With two exceptions, all reviewed studies investigate the role of risk preferences in an expected utility theory (EUT) framework to explain fertiliser applications. Thus, current research mostly ignores theories and behavioural factors under uncertainty and ambiguity that may better capture farmers’ deviations from optimal fertiliser decisions.
Which Fertiliser Decisions Have Been Analysed?
As shown in Figure 1, most studies optimally determine fertiliser decisions using mathematical methods, assuming certain levels of risk preferences. Yet, only a limited number of studies investigate the relationship between elicited behavioural drivers and farmers’ actual fertiliser decisions (i.e., fertiliser amount, overuse, and organic fertiliser use) using econometric, stated preference, and experimental methods. Furthermore, it is important to note that the risks and uncertainties associated with fertiliser decisions are dynamic: they are greatest at the beginning of the growing season and gradually decrease towards harvest. Therefore, it is important to model fertiliser application over time from a dynamic perspective. Yet, as displayed in Figure 2, most existing literature focuses solely on a static perspective (i.e., annual fertiliser usage) rather than differentiating between fertiliser decisions across time (dynamic perspective).
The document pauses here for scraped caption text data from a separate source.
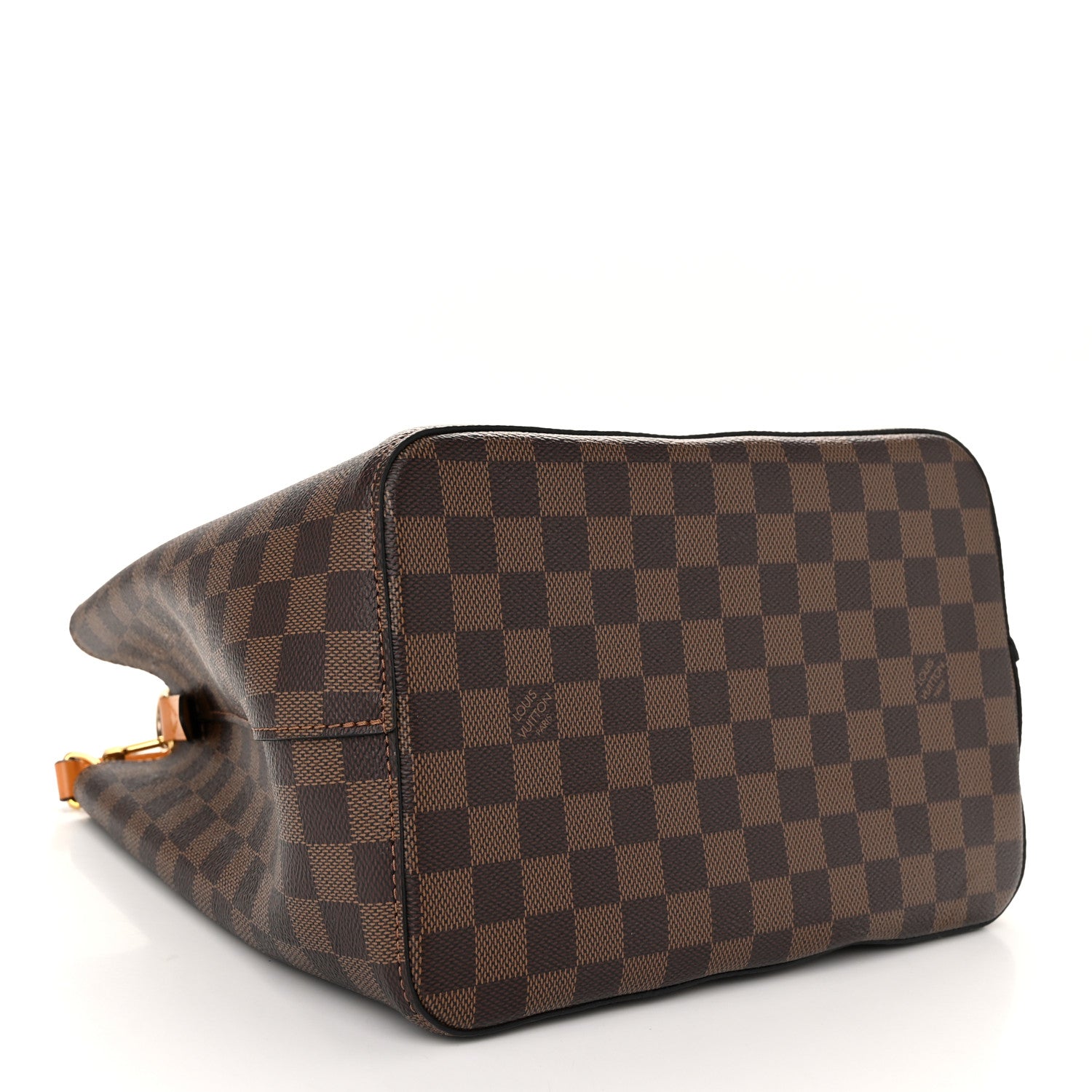 Louis Vuitton Damier Ebene Neonoe MM Safran 4 of 9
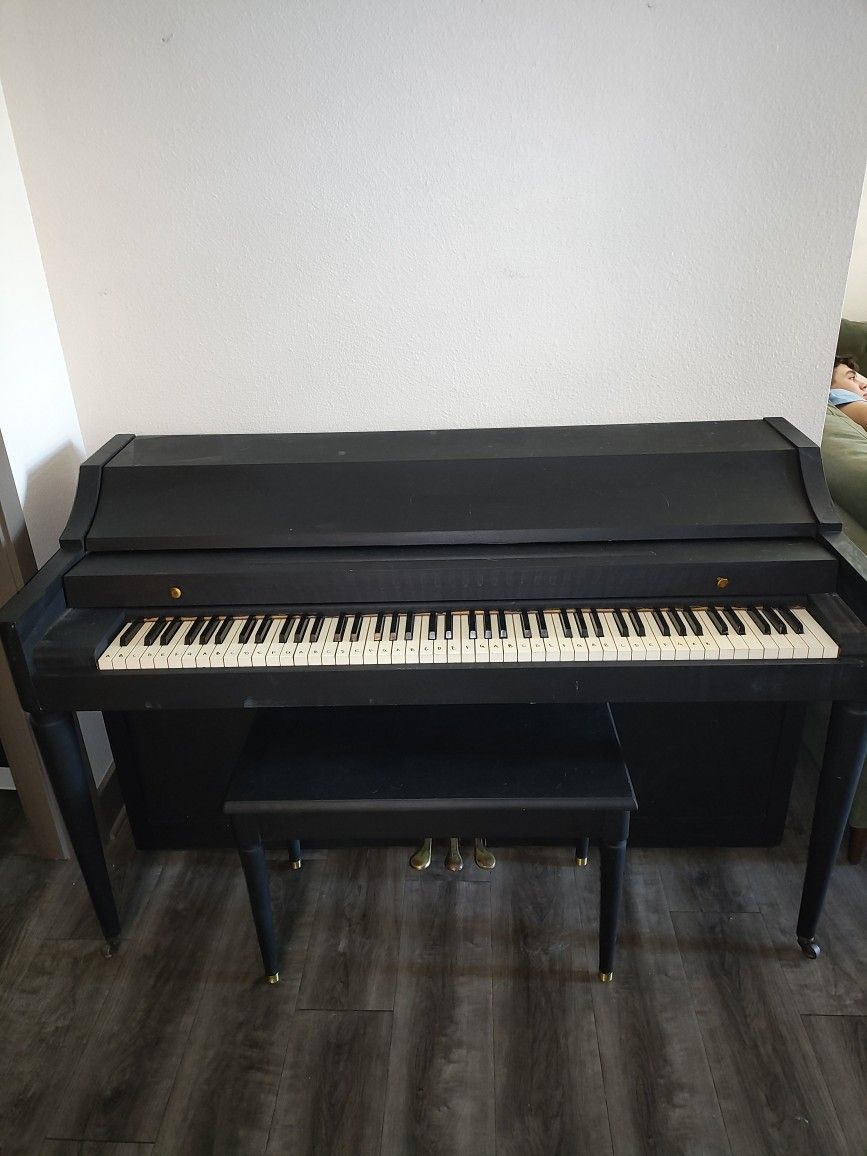 Vintage Full Size Practice Piano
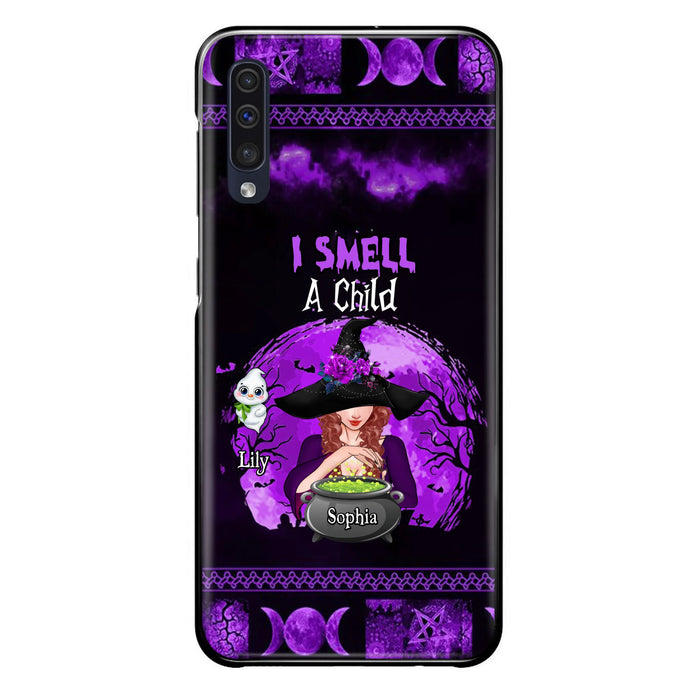 Personalized Witch Phone Case - Up to 10 Children - Halloween Gift Idea for Family - I Smell Children - Case for iPhone/Samsung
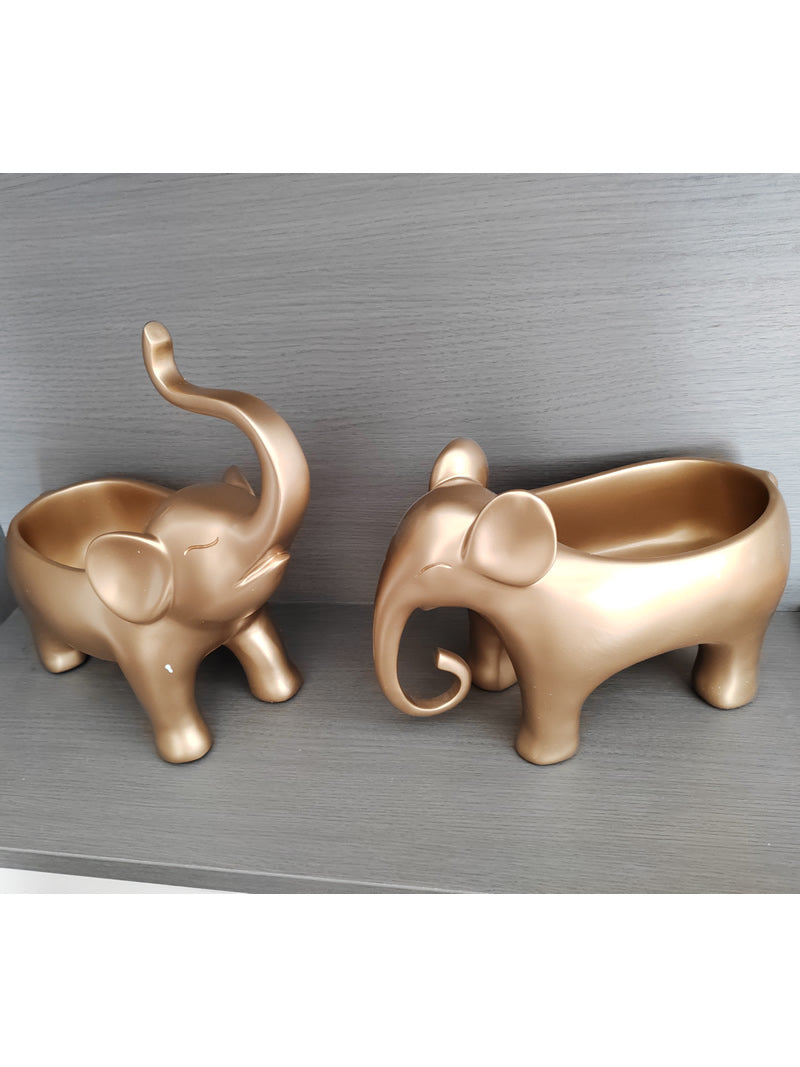 Golden Elephant Desktop Storage Box, Luxury Home Decoration Ornaments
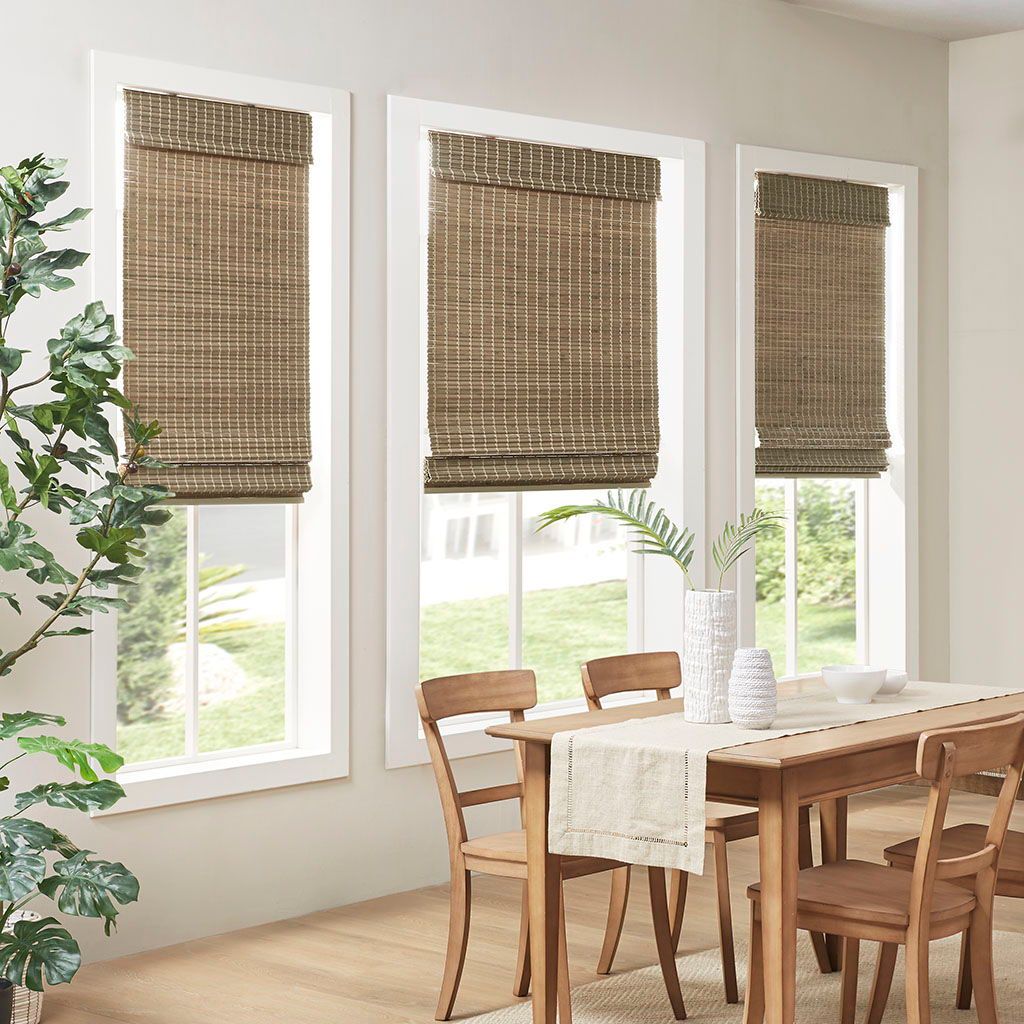 Eastfield - 27" Light Filtering Roman Shade - Natural Ash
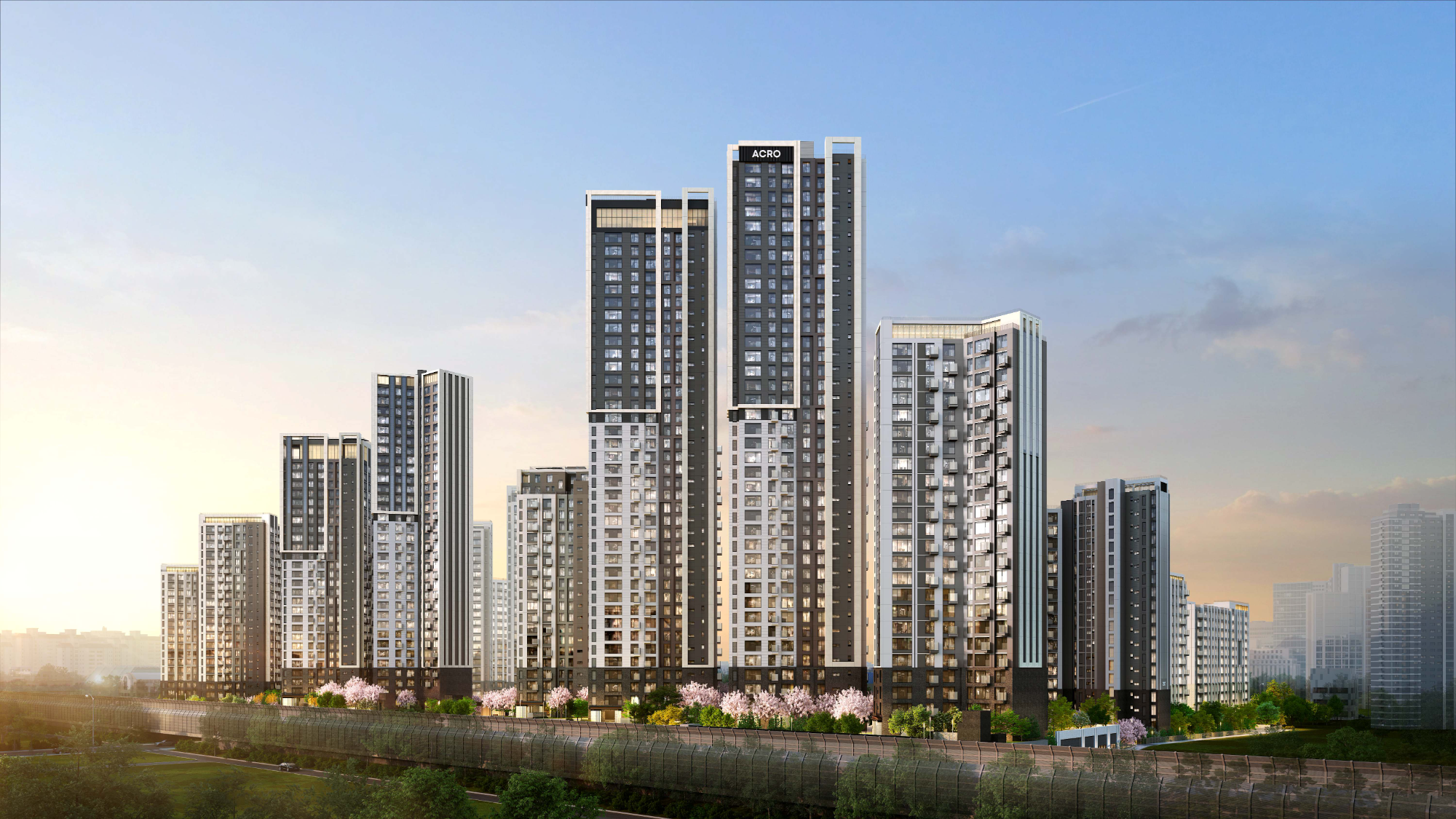 아크로 드 서초 단지 투시도./사진제공=DL이앤씨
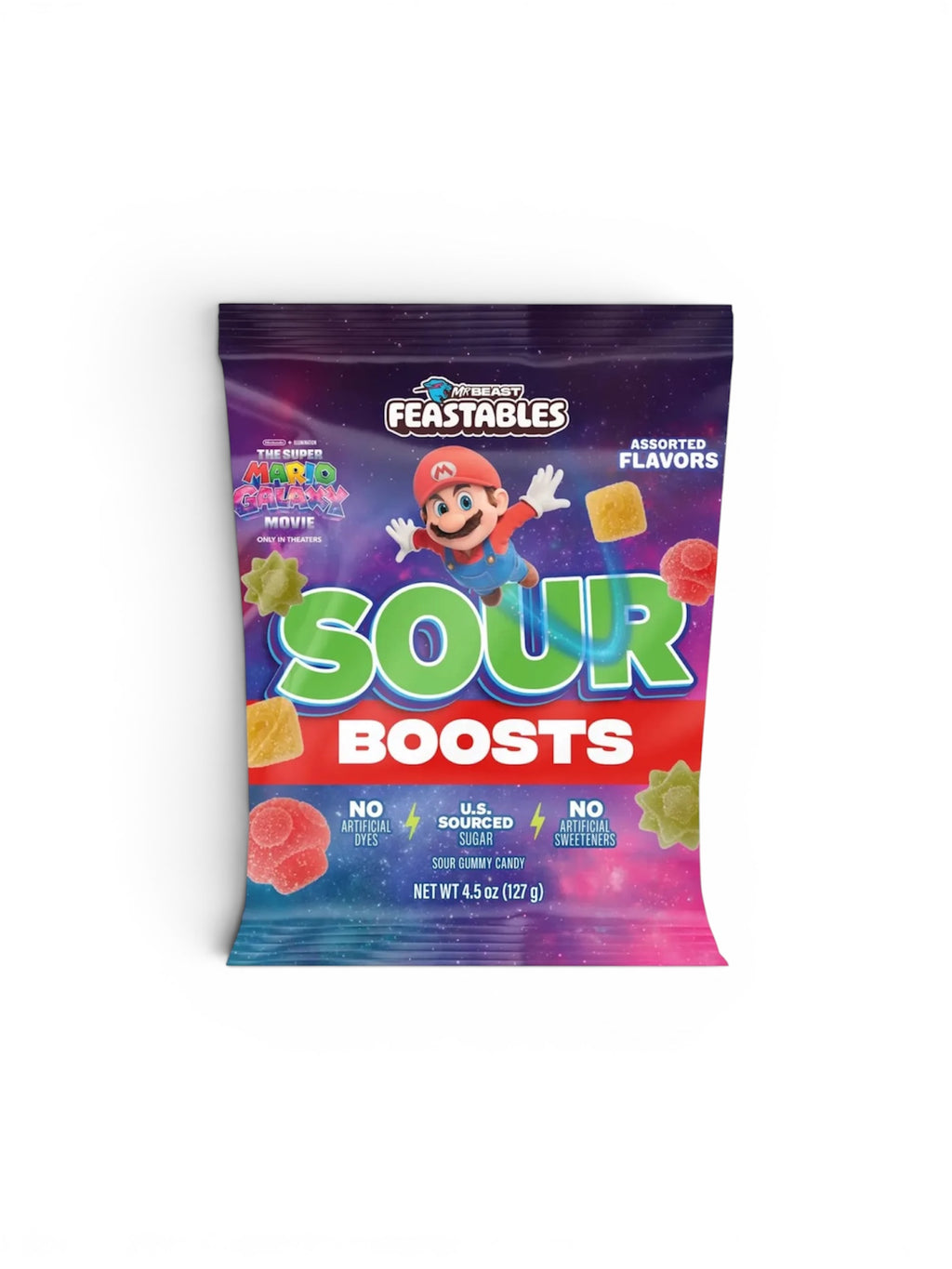 Feastable gomitas Sour Boosts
Figure 1: Interaction frequencies of studied fertiliser decisions and applied methods to incorporate behavioural factors. Note: “NF” refers to nitrogen fertiliser.
Figure 2: Frequencies of studied fertiliser decisions in the static and dynamic perspectives.
How Do Risk Preferences Associate with Fertiliser Decisions?
In the static perspective in Figure 3, we observe that higher risk aversion among farmers is often associated with a lower amount of nitrogen fertiliser, which is particularly notable in the optimal nitrogen fertiliser amount. However, this shifts in the dynamic fertiliser perspective, which not only considers the total annual amount of fertiliser applied but distinguishes between different times at which fertilisation occurs (usually: early versus later/total application). We find that incorporating a dynamic perspective is crucial in ex-ante analyses of how risk aversion correlates with total nitrogen fertiliser use in a farming year.
Figure 3: Association between higher risk aversion and total annual nitrogen (N) amount per fertiliser decision.
Recommendations for Future Research
Based on these findings, we recommend that future research examine the dynamic relationship between behavioural factors beyond risk preferences and farmers' fertiliser decisions. Loss aversion, ambiguity preferences, probability distortions, and probabilistic expectations may help explain deviations from optimal fertiliser use. Stated preference methods and economic experiments can assess farmers' preferences and their link to actual fertilisation behaviour. Additionally, mathematical models could incorporate these behavioural factors (e.g., using cumulative prospect theory) when feasible. Insights from stated-preference studies and experiments could improve these models, enhancing policy design to reduce fertiliser consumption. Despite challenges, this review emphasises the need for a more integrated approach combining behavioural research and different methodological approaches.